:: Task brief ::
Pictures are to be dropped. Everything else in the listing gets copied exactly.

--- START ---

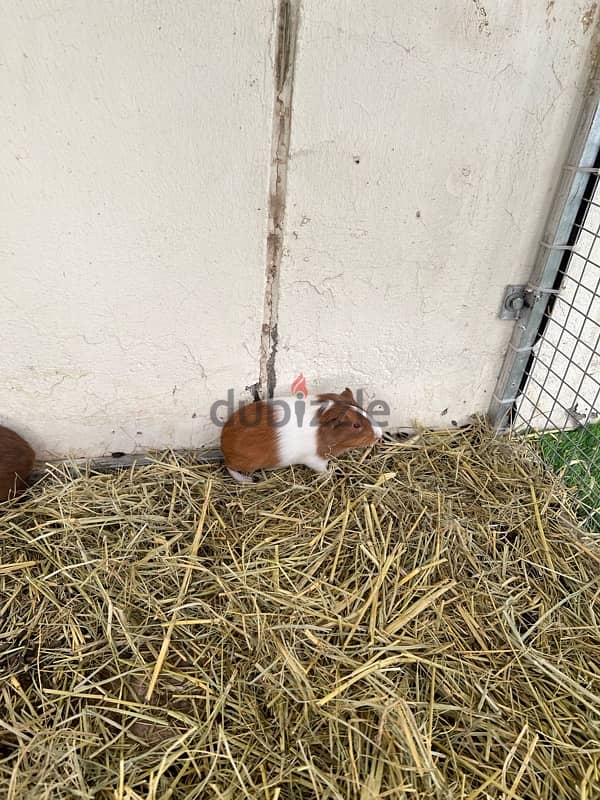 pair guineapig American breed 2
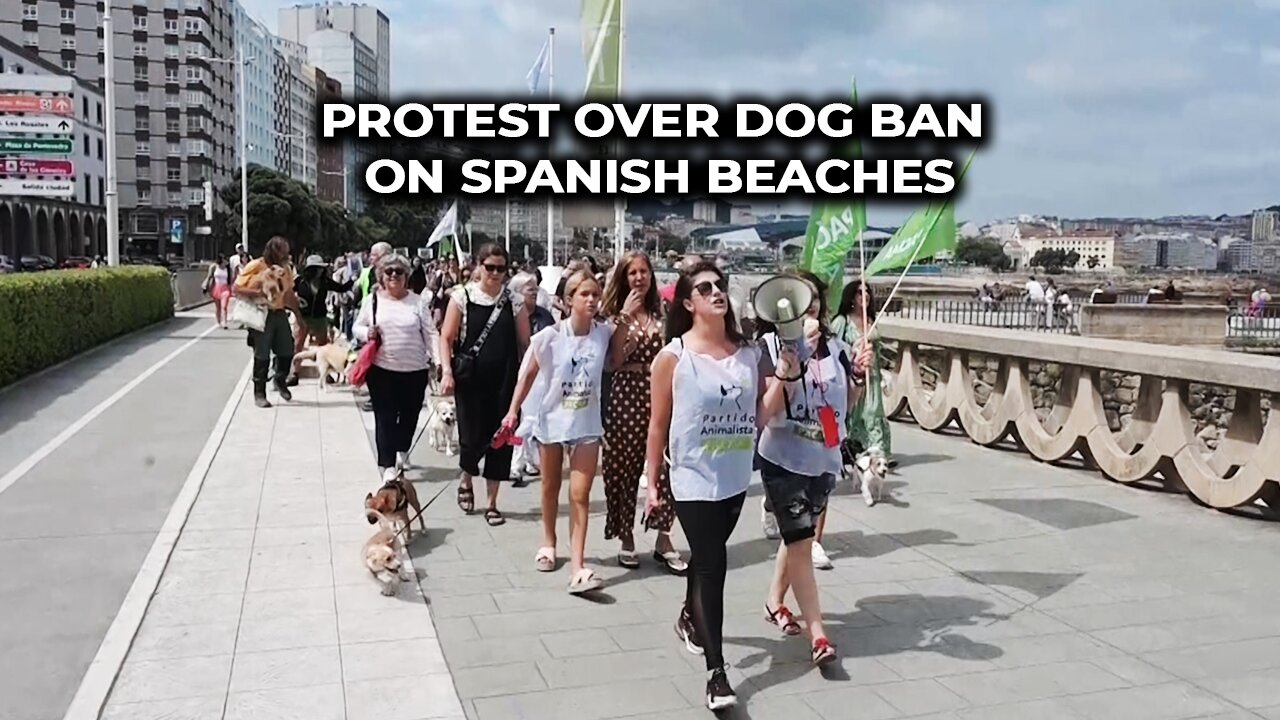 Protest over dog ban on Spanish beaches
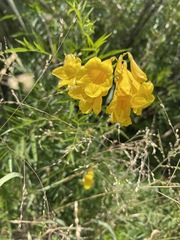 Tecoma stans angustata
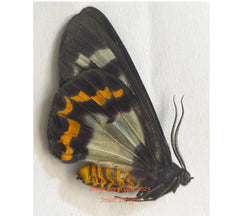 Dysphania cyane (Seram) A2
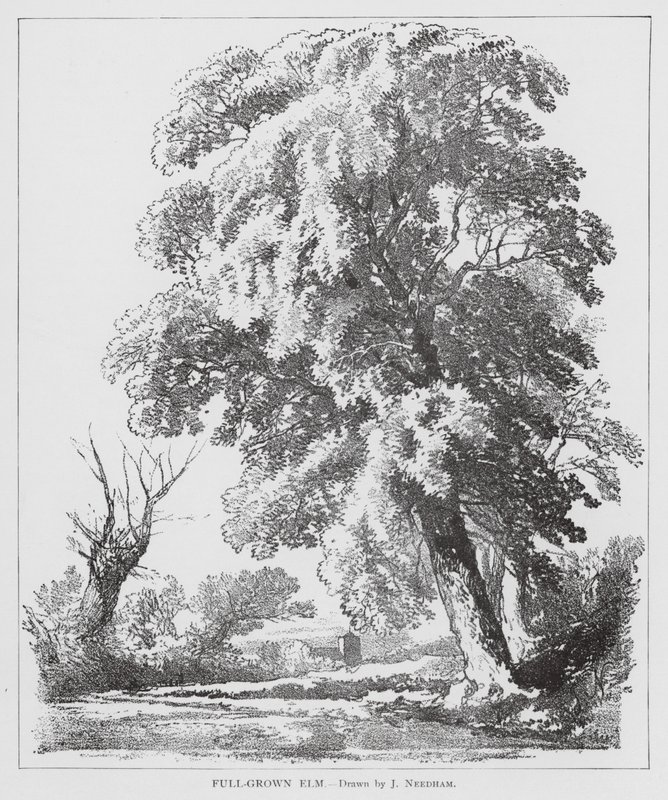  av Joseph Needham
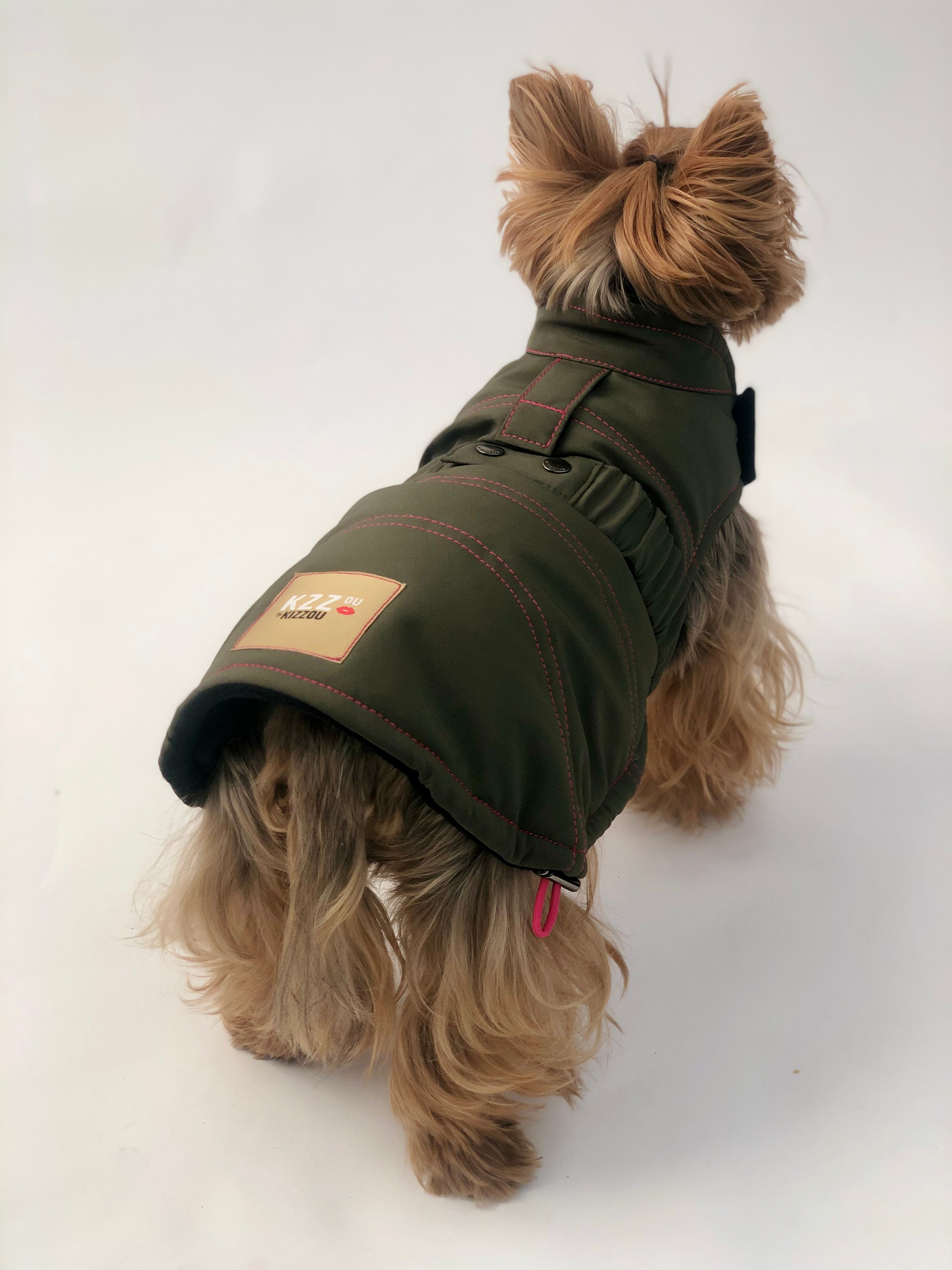 Small size  dog wearing a Kizzou winter jacket is adjustable to fit different dog body shapes, easy to put on and made of quality materials.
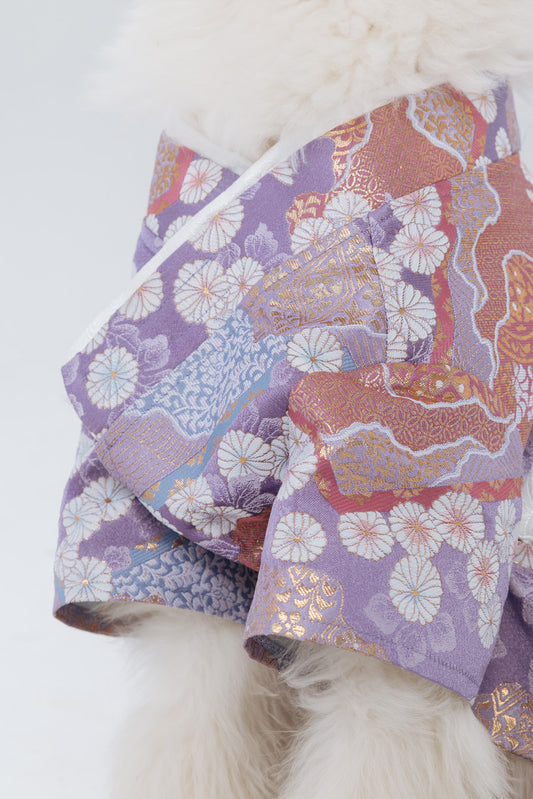 Hanami – Tomoyo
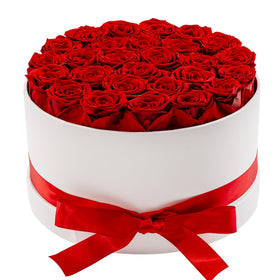 Otuo preserved rose close-up in box shows vivid real petals.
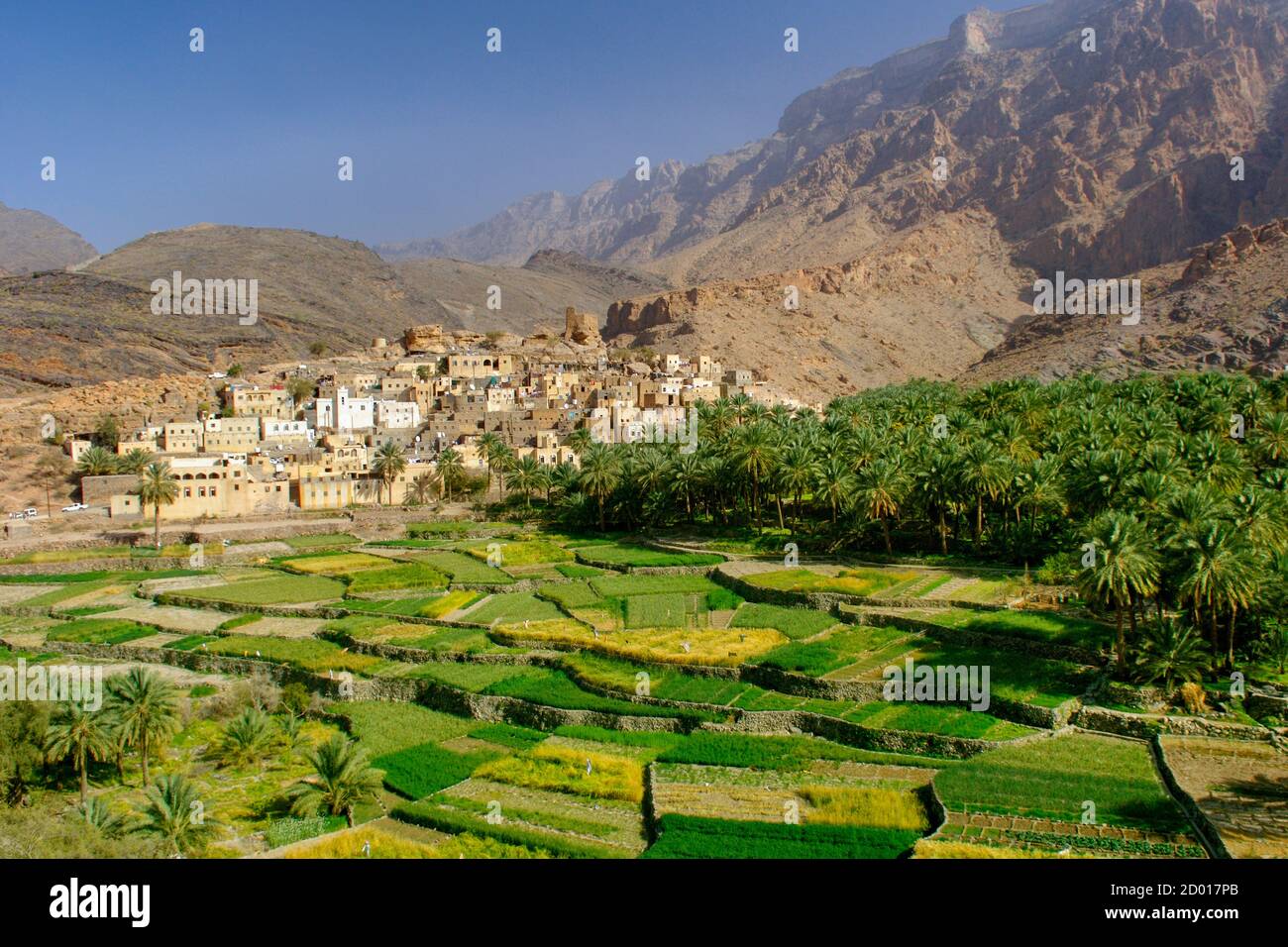 Das Dorf Bilad seT und seine Plantagen in Wadi Bani auf im Jebel Akhdar Gebirge von Oman. Stockfoto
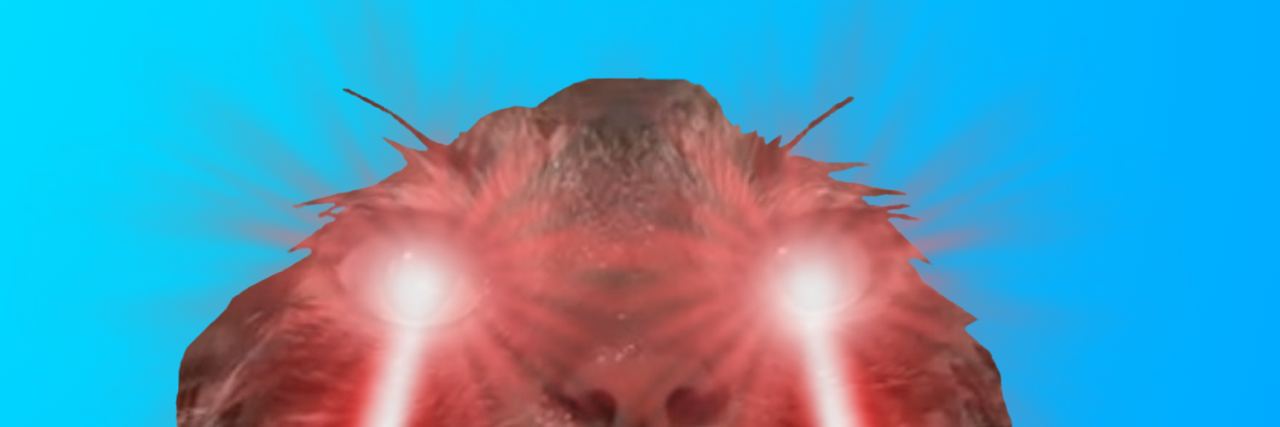cat is wet banner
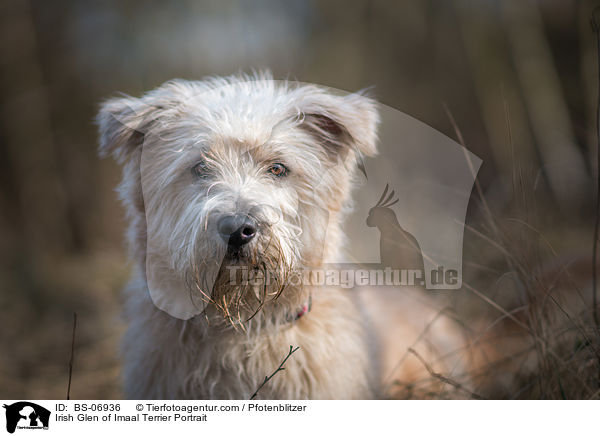 Irish Glen of Imaal Terrier Portrait / Irish Glen of Imaal Terrier Portrait / BS-06936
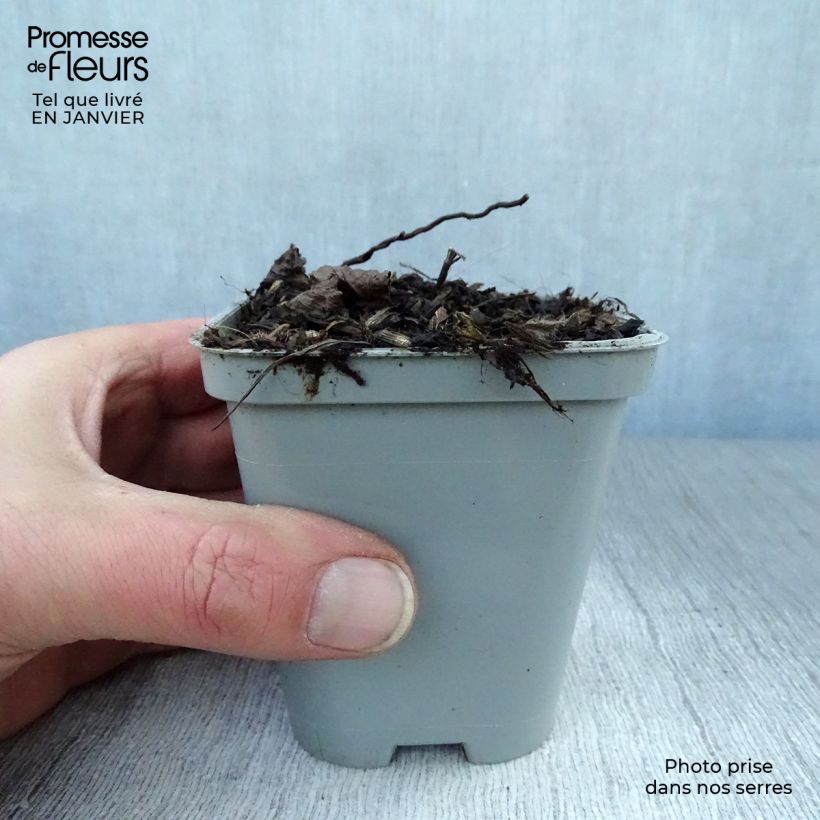 Calaminta - Calamintha grandiflora Maceta de 8/9 cm Ejemplar entregado en invierno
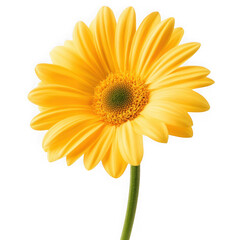 Isolated yellow gerbera daisy with a green stem on black  on png transparent background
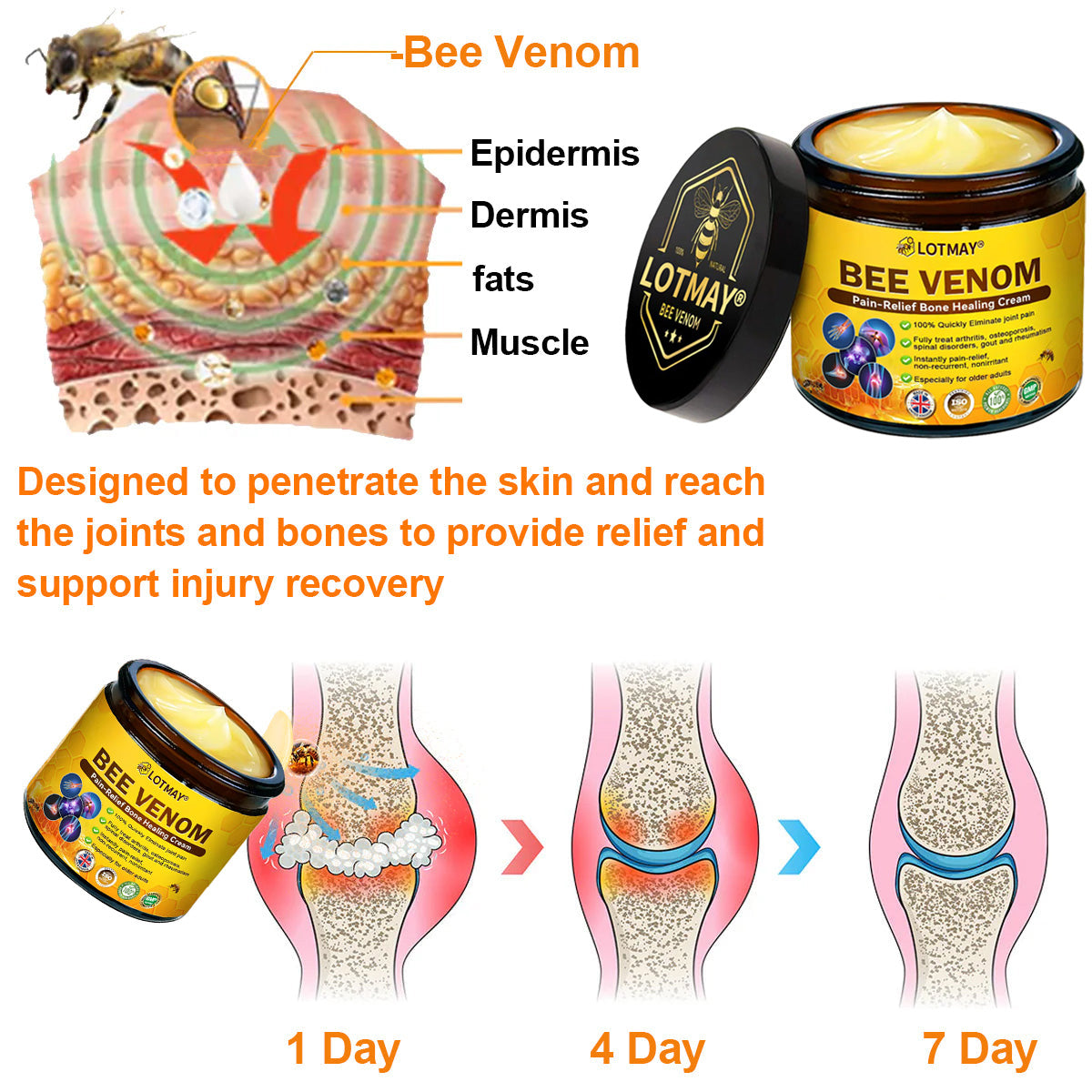LOTMAY® Bee Venom Pain-Relief Bone Healing Cream 🐝🐝(Specially for older adults & NHS recommends)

--- END ---

:: Final answer ::
 pair guineapig American breed 2
 Protest over dog ban on Spanish beaches
 Tecoma stans angustata
 Dysphania cyane (Seram) A2
  av Joseph Needham
 Small size  dog wearing a Kizzou winter jacket is adjustable to fit different dog body shapes, easy to put on and made of quality materials.
 Hanami – Tomoyo
 Otuo preserved rose close-up in box shows vivid real petals.
 Das Dorf Bilad seT und seine Plantagen in Wadi Bani auf im Jebel Akhdar Gebirge von Oman. Stockfoto
cat is wet banner
 Irish Glen of Imaal Terrier Portrait / Irish Glen of Imaal Terrier Portrait / BS-06936
 Calaminta - Calamintha grandiflora Maceta de 8/9 cm Ejemplar entregado en invierno
 Isolated yellow gerbera daisy with a green stem on black  on png transparent background
LOTMAY® Bee Venom Pain-Relief Bone Healing Cream 🐝🐝(Specially for older adults & NHS recommends)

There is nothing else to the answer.